And on top of that, Your Honor, I think there’s another motion coming from us, in light of some disclosures that were made Monday, where we think that the government is expanding its case, we believe, to include the conduct that was no true billed in Count One as part of its proof of Count Two, which raises serious issues for us. So we’ll do everything we can, but to do all that while getting Mr. Comey access to materials…

As I’ve said, this is the founding document of their conspiracy theories.

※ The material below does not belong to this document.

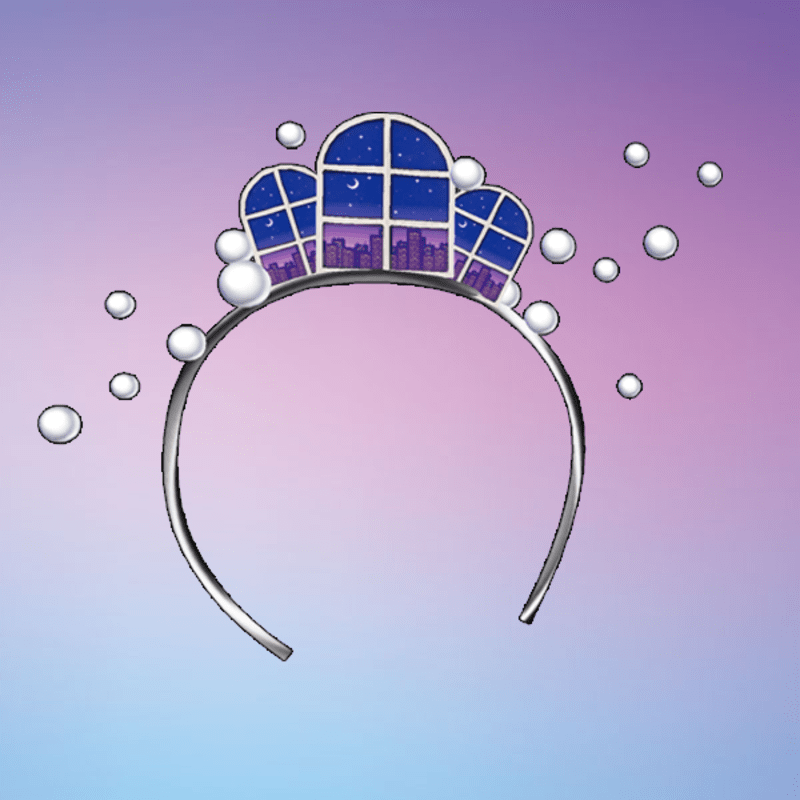 Dreamful Headband Purple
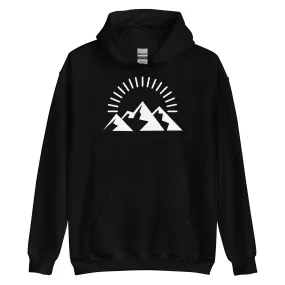 Berge (19) - Unisex Hoodie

On Wednesday, Lemons didn’t raise an objection when Magistrate Judge William Fitzpatrick first said he was going to order DOJ to turn over grand jury transcripts, suggesting Lemons may have no fear Miles Starr presented privileged information to the jury.

By the end of day yesterday, he did have an objection. Michael Nachmanoff has bumped the whole grand jury question back to Fitzpatrick, so I expect Patrick Fitz (sorry, bad joke!) will get to test this theory shortly.

But that — relying on a no-billed charge for the obstruction charge — is not the only problem with chasing the Clinton Plan disinformation that John Durham debunked.

The far graver problem is it means Miles Starr is a witness to, if not a co-conspirator to, Jack Eckenrode (and FBI Director Kash Patel) committing a crime, precisely the crime they’re chasing.

Four years ago, Jack Eckenrode concluded this stuff was a Russian fabrication, the very thing they claim about the Steele dossier.

And then, Jack Eckenrode got an indictment for it anyway.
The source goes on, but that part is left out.